Context: I have a DataFrame with 2 columns: word and vector. Where the column type of "vector" is VectorUDT.

An Example:

word    |  vector
assert  | [435,323,324,212...]

And I want to get this:

word   |  v1 | v2  | v3 | v4 | v5 | v6 ......
assert | 435 | 5435| 698| 356|....

Question:

How can I split a column with vectors in several columns for each dimension using PySpark ?

Thanks in advance

See How to Access Element of a VectorUDT column in a Spark Dataframe for a solution with better performance. (I have done timings on both. I would mark this one as a duplicate if I had the reputation.)
@hwrd Could you share the benchmarking code you've used? TIA.
@user10465355 added as a 'solution' below because it's too big for comments. (The organization is a little quirky because I pulled it out of a Jupyter notebook and then replace the %%timeit cell magic.)

u
user10938362

Spark >= 3.0.0

Since Spark 3.0.0 this can be done without using UDF.

from pyspark.ml.functions import vector_to_array

(df
    .withColumn("xs", vector_to_array("vector")))
    .select(["word"] + [col("xs")[i] for i in range(3)]))

## +-------+-----+-----+-----+
## |   word|xs[0]|xs[1]|xs[2]|
## +-------+-----+-----+-----+
## | assert|  1.0|  2.0|  3.0|
## |require|  0.0|  2.0|  0.0|
## +-------+-----+-----+-----+

Spark < 3.0.0

One possible approach is to convert to and from RDD:

from pyspark.ml.linalg import Vectors

df = sc.parallelize([
    ("assert", Vectors.dense([1, 2, 3])),
    ("require", Vectors.sparse(3, {1: 2}))
]).toDF(["word", "vector"])

def extract(row):
    return (row.word, ) + tuple(row.vector.toArray().tolist())

df.rdd.map(extract).toDF(["word"])  # Vector values will be named _2, _3, ...

## +-------+---+---+---+
## |   word| _2| _3| _4|
## +-------+---+---+---+
## | assert|1.0|2.0|3.0|
## |require|0.0|2.0|0.0|
## +-------+---+---+---+

An alternative solution would be to create an UDF:

from pyspark.sql.functions import udf, col
from pyspark.sql.types import ArrayType, DoubleType

def to_array(col):
    def to_array_(v):
        return v.toArray().tolist()
    # Important: asNondeterministic requires Spark 2.3 or later
    # It can be safely removed i.e.
    # return udf(to_array_, ArrayType(DoubleType()))(col)
    # but at the cost of decreased performance
    return udf(to_array_, ArrayType(DoubleType())).asNondeterministic()(col)

(df
    .withColumn("xs", to_array(col("vector")))
    .select(["word"] + [col("xs")[i] for i in range(3)]))

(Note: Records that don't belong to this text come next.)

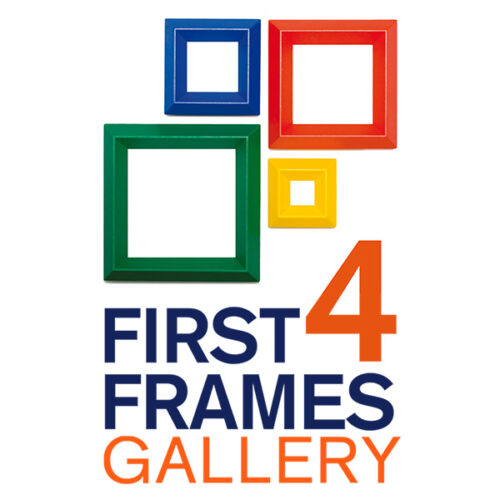 First4Frames Gallery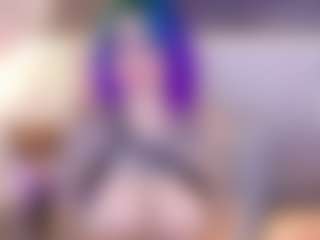 Annie's Live Sex Cam Show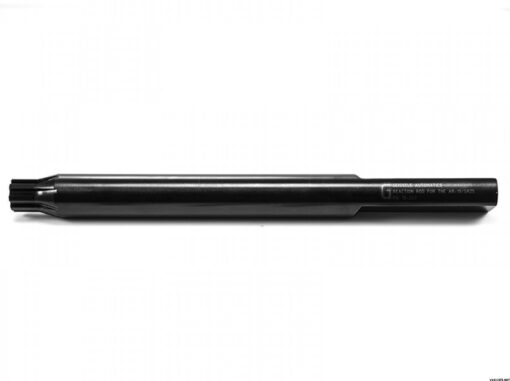 Geissele AR10/SR25 Reaction Rod - Black Rifle Depot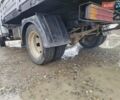 ГАЗ 2705 Газель, объемом двигателя 0 л и пробегом 40 тыс. км за 4500 $, фото 5 на Automoto.ua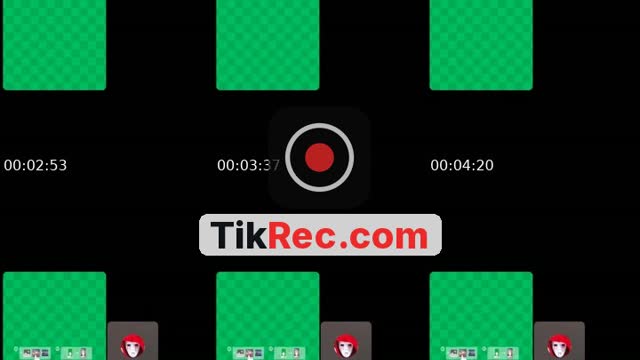 @personne6540 TikTok live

## +-------+-----+-----+-----+
## |   word|xs[0]|xs[1]|xs[2]|
## +-------+-----+-----+-----+
## | assert|  1.0|  2.0|  3.0|
## |require|  0.0|  2.0|  0.0|
## +-------+-----+-----+-----+

For Scala equivalent see Spark Scala: How to convert Dataframe[vector] to DataFrame[f1:Double, ..., fn: Double)].

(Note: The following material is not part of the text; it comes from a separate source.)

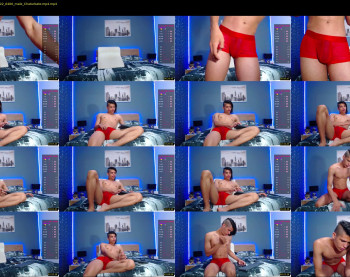 latin_bigcockxxx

Performance wise, it is much smarter to use the .map/.toDF functions as they will almost always be faster than the UDF implementation. [Unless you're using a vectorized udf definition from spark 2.2+]
Thanks for that comment. Won't the RDD API not become deprecated at some point? So I'd think the latter is recommended, or am I wring ?
note that, as of spark 2.3, vectorized UDF requires the input and output coolumns both be java primitives and thus, it will not work for this application.
Related JIRA ticket to improve this: issues.apache.org/jira/browse/SPARK-19217
@zero323 - For me, the UDF way seems to have worked. How do I save the result as a DF? When I do a .show at the end, it shows me the DF just the way I want it. Just can't seem to find a way to name/save it.
N
Nic Scozzaro

To split the rawPrediction or probability columns generated after training a PySpark ML model into Pandas columns, you can split like this:

your_pandas_df['probability'].apply(lambda x: pd.Series(x.toArray()))

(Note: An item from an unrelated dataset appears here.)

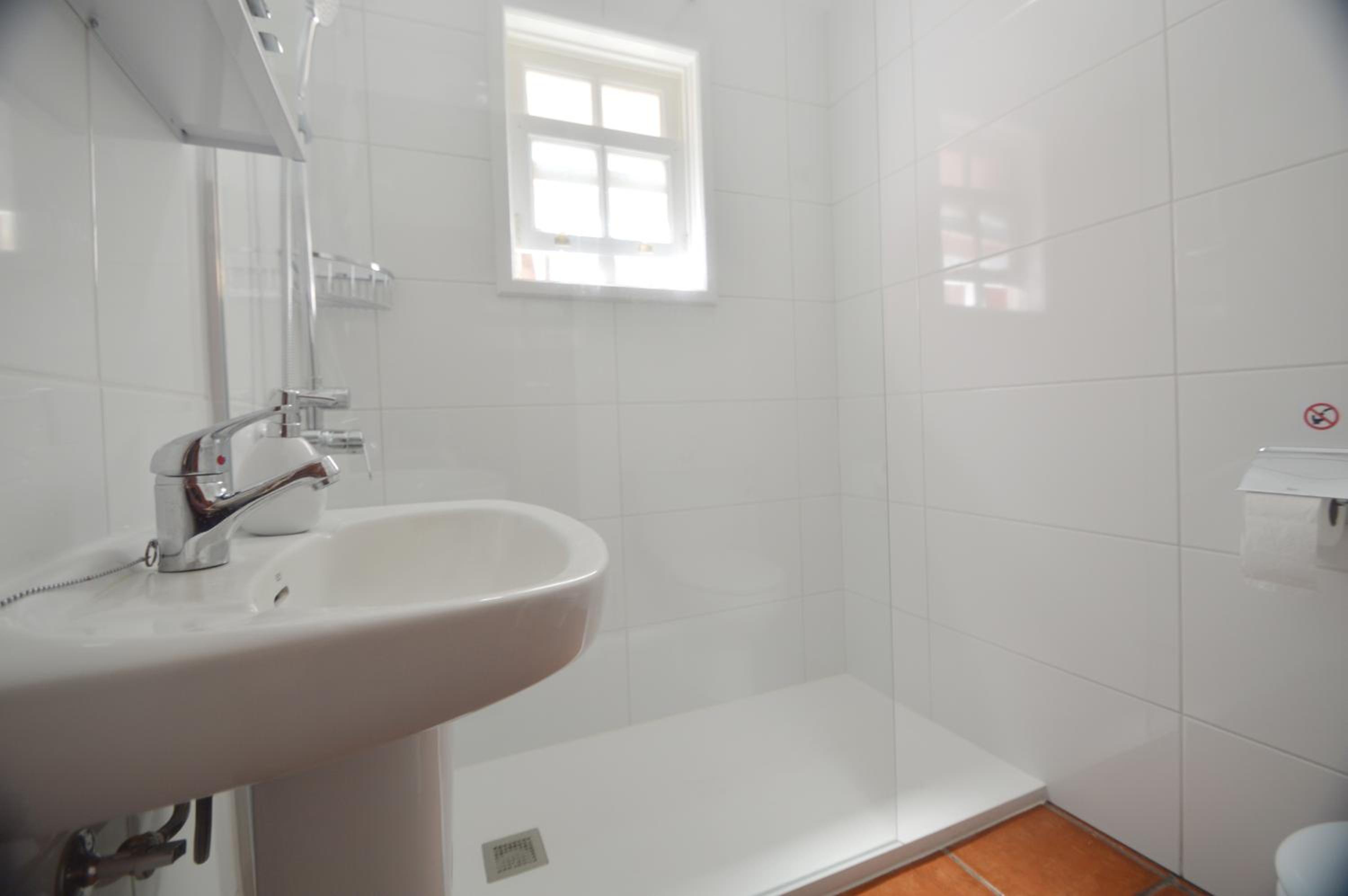 One-Bedroom House photo 3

I am getting this error : TypeError: 'Column' object is not callable
h
hwrd

It is much faster to use the i_th udf from how-to-access-element-of-a-vectorudt-column-in-a-spark-dataframe

The extract function given in the solution by zero323 above uses toList, which creates a Python list object, populates it with Python float objects, finds the desired element by traversing the list, which then needs to be converted back to java double; repeated for each row. Using the rdd is much slower than the to_array udf, which also calls toList, but both are much slower than a udf that lets SparkSQL handle most of the work.

Timing code comparing rdd extract and to_array udf proposed here to i_th udf from 3955864:

from pyspark.context import SparkContext
from pyspark.sql import Row, SQLContext, SparkSession
from pyspark.sql.functions import lit, udf, col
from pyspark.sql.types import ArrayType, DoubleType
import pyspark.sql.dataframe
from pyspark.sql.functions import pandas_udf, PandasUDFType

sc = SparkContext('local[4]', 'FlatTestTime')

spark = SparkSession(sc)
spark.conf.set("spark.sql.execution.arrow.enabled", True)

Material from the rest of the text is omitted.